Certains ne manqueront alors pas de dire que le loup est dans la bergerie, et de crier à l’autodestruction de la République ! Pures fantasmagories, certes, mais qui prospéreront tout de même, ce qu’il vaut mieux éviter.
La deuxième hypothèse est celle où le Gouvernement, au moment où il ratifie la charte, fait une déclaration interprétative, hors la vue du Parlement. Mais dans ce cas, qu’est-ce qui nous garantit, à nous législateur et constituant, que ce que le Gouvernement écrira – peut-être conseillé par le Conseil d’État – ne constituera pas une déclaration interprétative extrêmement restrictive, auquel cas les plus prudents se retrouveraient Gros-Jean comme devant, si vous me permettez l’expression ?
Aucune de ces deux hypothèses ne me paraissant souhaitable, je préfère que l’on mentionne la déclaration interprétative – pas intégralement, à vrai dire : je propose de n’en constitutionnaliser que deux points sur quatre, qui constituent l’existant aujourd’hui.
Quand on nous parle de « groupes de locuteurs », de qui s’agit-il ? Je le redis à ceux qui sont inquiets : ce qui est aujourd’hui écrit dans la proposition de loi constitutionnelle n’est autre qu’une retranscription de la jurisprudence du Conseil d’État. Ce que vous estimez que nous ne pourrions pas faire demain, nous ne devrions pas non plus pouvoir le faire aujourd’hui, parce que c’est la décision du Conseil constitutionnel. Ce que je vous propose d’inscrire dans la Constitution, c’est la Constitution ! Je vous l’accorde, cela peut paraître amusant, étonnant. Mais si je ne le fais pas, le Conseil constitutionnel estimera que le constituant ne s’est pas exprimé de manière explicite. On retombe alors dans le travers de 2008. Vous aviez alors une intention louable, et on nous a prêté une intention louable. Dissipons les malentendus, écrivons ce que le Conseil nous dit.

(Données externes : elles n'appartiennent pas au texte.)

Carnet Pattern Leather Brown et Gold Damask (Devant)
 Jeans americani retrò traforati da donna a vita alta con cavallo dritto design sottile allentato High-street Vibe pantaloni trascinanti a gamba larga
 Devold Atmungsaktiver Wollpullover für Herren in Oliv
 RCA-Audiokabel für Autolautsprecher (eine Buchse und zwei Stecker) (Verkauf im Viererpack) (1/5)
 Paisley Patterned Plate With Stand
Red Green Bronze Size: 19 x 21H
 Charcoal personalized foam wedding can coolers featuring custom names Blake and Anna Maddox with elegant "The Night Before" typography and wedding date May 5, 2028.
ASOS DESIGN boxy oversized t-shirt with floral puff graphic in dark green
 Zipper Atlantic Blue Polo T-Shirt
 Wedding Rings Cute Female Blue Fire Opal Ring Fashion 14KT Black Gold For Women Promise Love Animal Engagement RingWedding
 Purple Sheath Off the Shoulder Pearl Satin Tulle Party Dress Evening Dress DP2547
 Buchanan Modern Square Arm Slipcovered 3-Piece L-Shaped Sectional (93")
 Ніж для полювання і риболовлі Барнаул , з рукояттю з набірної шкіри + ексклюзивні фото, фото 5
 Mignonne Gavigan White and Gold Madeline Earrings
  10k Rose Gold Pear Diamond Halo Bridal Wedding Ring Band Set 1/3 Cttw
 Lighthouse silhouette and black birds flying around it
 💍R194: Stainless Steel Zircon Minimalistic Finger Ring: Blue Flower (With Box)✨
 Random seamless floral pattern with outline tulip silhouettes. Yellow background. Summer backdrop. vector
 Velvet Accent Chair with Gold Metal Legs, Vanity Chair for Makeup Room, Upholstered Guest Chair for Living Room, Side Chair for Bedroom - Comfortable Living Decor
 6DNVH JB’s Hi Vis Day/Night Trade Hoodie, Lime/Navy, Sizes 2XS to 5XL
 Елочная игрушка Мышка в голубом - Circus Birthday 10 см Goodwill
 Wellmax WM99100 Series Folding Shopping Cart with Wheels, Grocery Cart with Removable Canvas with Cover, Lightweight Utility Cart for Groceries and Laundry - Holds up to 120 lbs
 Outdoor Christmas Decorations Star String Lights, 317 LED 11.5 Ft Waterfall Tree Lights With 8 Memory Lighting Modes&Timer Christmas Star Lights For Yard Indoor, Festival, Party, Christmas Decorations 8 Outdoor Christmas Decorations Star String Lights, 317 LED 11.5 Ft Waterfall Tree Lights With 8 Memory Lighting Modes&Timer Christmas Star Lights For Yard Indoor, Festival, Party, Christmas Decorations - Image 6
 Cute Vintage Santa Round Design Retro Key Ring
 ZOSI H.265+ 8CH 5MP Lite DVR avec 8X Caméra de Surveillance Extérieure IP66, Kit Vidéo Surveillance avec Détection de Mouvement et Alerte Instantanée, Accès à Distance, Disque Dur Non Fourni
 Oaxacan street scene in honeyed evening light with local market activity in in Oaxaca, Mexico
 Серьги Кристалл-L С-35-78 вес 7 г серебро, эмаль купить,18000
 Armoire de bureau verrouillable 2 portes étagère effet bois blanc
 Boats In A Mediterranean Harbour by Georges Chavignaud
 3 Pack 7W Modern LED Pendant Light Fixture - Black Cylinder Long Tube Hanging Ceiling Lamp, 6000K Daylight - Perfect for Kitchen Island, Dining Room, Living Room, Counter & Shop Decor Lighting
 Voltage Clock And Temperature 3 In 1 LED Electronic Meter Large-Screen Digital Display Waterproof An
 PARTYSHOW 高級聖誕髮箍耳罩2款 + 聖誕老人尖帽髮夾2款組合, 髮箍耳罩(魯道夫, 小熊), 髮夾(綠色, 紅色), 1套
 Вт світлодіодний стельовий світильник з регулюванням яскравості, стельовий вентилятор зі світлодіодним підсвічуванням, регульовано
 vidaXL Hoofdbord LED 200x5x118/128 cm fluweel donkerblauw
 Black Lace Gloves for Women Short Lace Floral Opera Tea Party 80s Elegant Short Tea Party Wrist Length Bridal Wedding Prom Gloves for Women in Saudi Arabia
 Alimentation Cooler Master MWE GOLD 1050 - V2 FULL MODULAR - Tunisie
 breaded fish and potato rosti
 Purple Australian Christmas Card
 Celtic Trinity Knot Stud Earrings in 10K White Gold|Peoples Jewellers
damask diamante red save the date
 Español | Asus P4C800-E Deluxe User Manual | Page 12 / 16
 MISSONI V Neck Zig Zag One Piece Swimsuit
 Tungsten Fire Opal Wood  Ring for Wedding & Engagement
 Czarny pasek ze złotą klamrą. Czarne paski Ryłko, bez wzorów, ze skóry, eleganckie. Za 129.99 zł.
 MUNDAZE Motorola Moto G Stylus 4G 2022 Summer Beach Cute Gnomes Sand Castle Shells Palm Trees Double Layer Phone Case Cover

Je voudrais tout de même vous faire remarquer que le Conseil constitutionnel ne jugera pas notre travail. Il ne juge pas les révisions constitutionnelles. Nous nous appuyons sur ce qu’a fait le Conseil constitutionnel de façon à sécuriser l’existant : cela n’implique donc ni prise de risque, ni retour en arrière et n’introduit aucune entrave pour demain. Nous avons tous en effet pour objectif de faire des pas supplémentaires demain, et ce dans le respect de la philosophie des trente-neuf engagements que nous avons pris. Il n’y aura évidemment pas de co-officialité, au regret de Paul Molac et de Paul Giacobbi. En revanche, nous supprimons les entraves pour les billevesées du quotidien, les évidences. Le Conseil ne pourra pas demain plaquer une interprétation sur des propos que nous aurions eus.
Je vous propose donc de constitutionnaliser l’existant. L’existant permet l’existant ; c’est une tautologie.